EXERCISE OBJECTIVE: Write out each line of the entries below that holds the word "Antibody".

TASK INPUT:
━━━━━━━━━━
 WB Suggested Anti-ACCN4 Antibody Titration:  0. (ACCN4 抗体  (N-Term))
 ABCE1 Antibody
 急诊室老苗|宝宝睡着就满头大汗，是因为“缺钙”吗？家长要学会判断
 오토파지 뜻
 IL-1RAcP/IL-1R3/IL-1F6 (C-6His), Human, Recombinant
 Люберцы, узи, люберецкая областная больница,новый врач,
━━━━━━━━━━
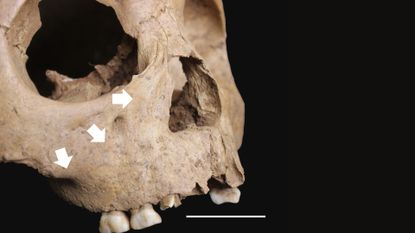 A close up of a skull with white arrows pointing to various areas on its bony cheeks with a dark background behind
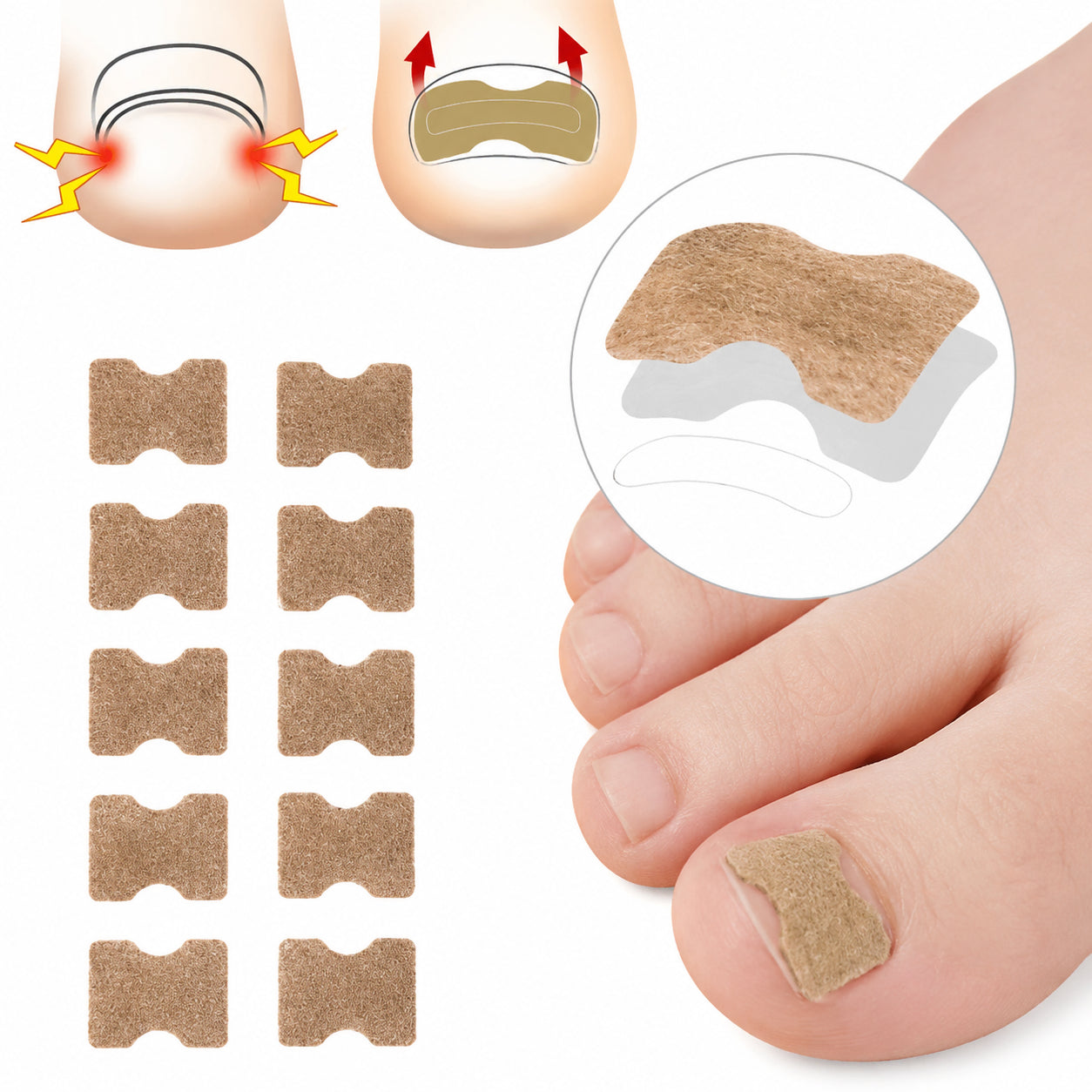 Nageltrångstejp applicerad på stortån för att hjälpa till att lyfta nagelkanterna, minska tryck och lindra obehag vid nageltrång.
━━━━━━━━━━
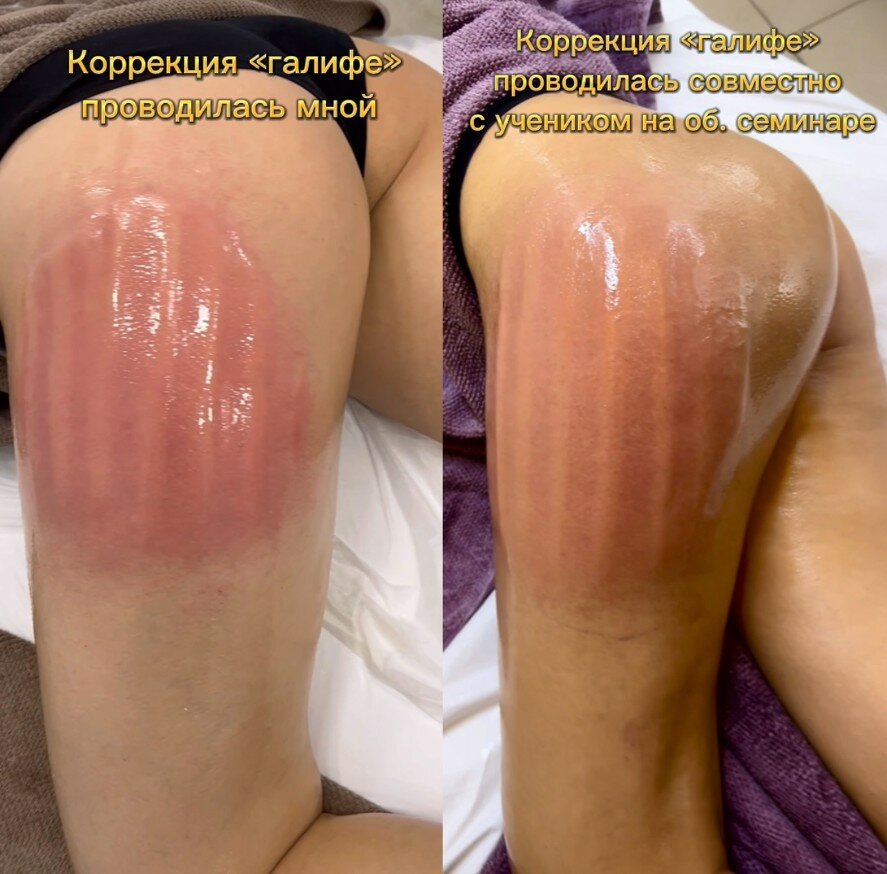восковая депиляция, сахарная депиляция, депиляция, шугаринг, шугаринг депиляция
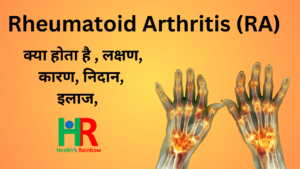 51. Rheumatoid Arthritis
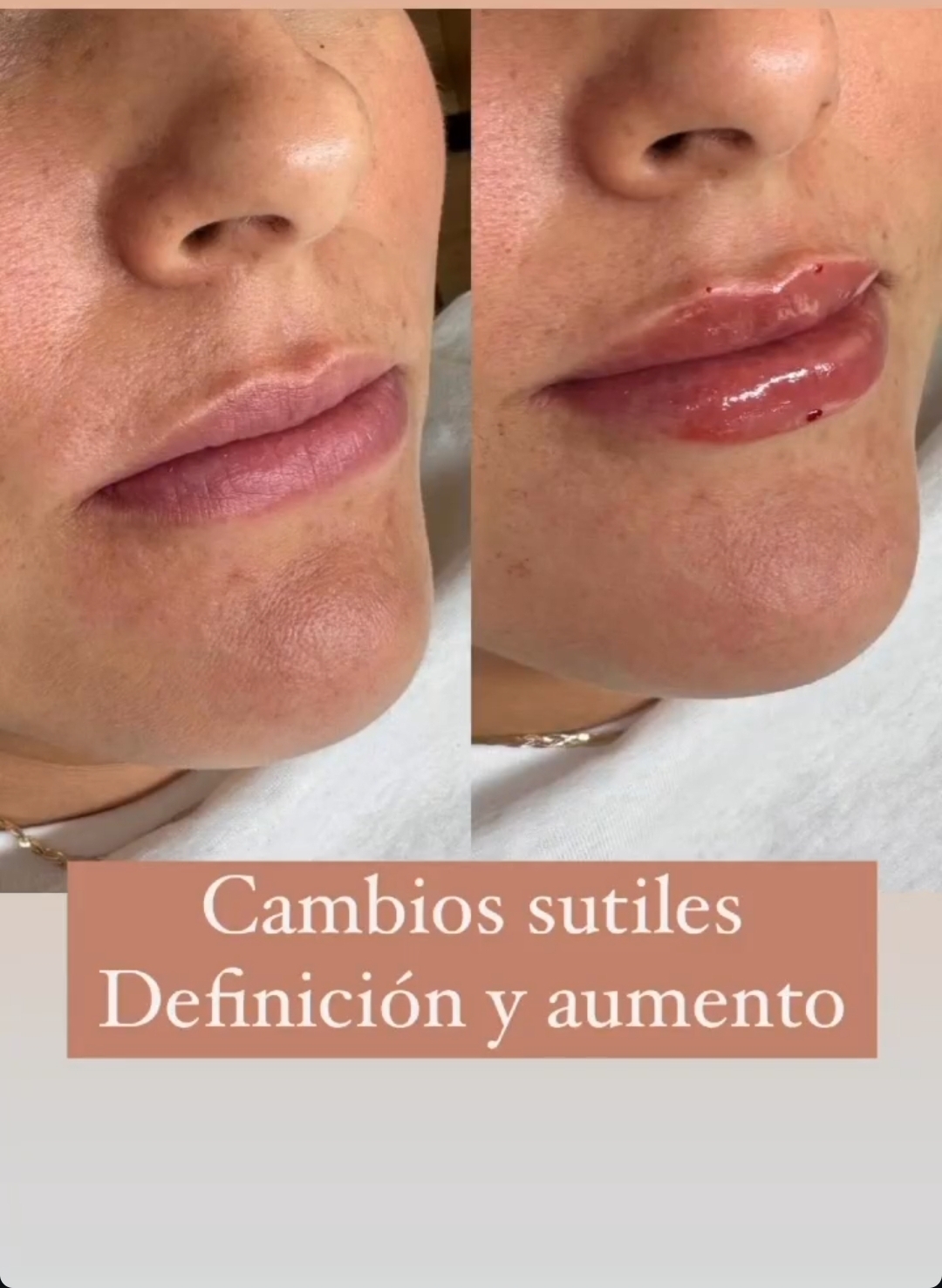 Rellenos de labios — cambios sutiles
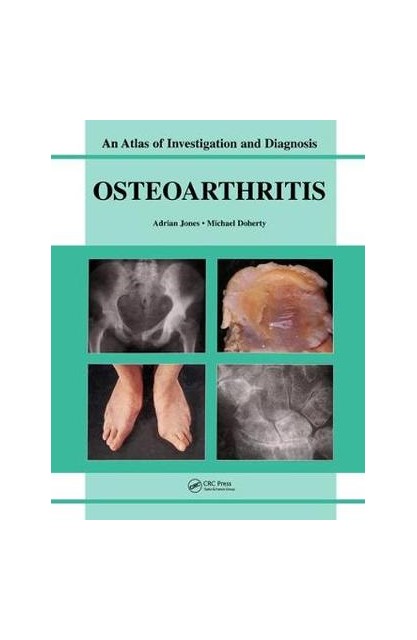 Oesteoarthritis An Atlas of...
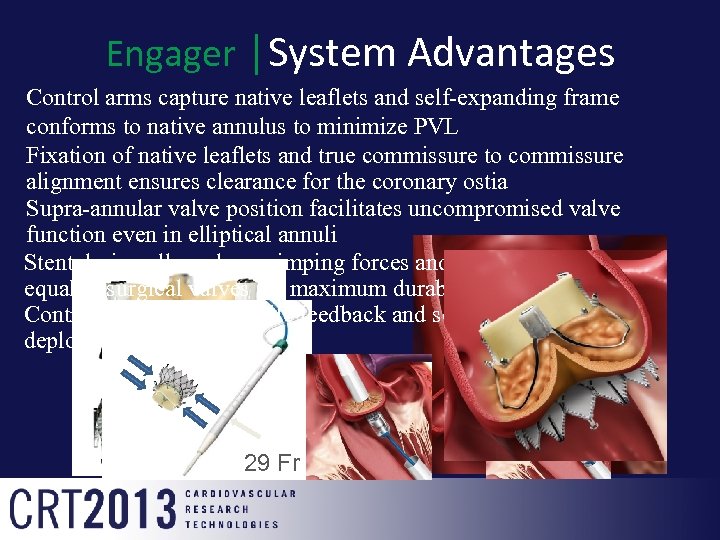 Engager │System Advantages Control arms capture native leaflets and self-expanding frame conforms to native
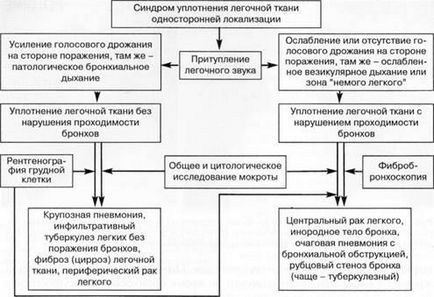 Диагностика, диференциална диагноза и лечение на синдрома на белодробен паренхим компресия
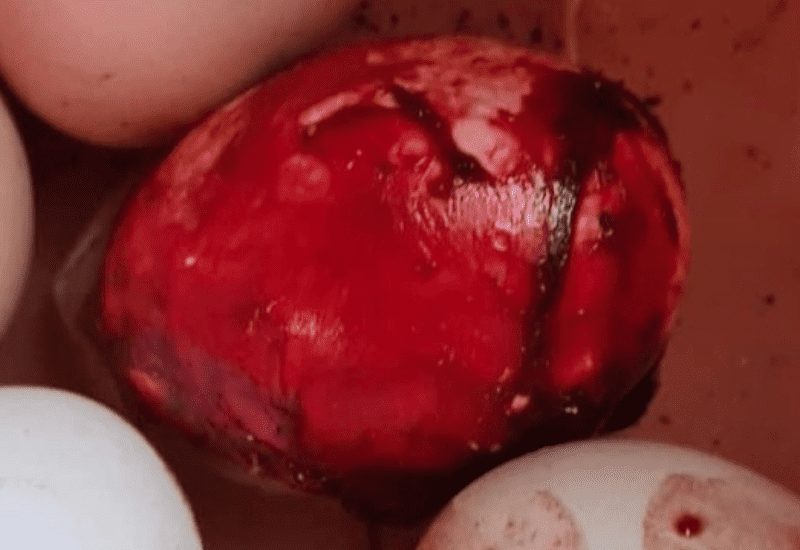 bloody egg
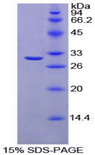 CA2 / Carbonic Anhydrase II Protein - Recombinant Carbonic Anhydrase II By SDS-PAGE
━━━━━━━━━━
SOLUTION TO THIS EXERCISE:
 WB Suggested Anti-ACCN4 Antibody Titration:  0. (ACCN4 抗体  (N-Term))
 ABCE1 Antibody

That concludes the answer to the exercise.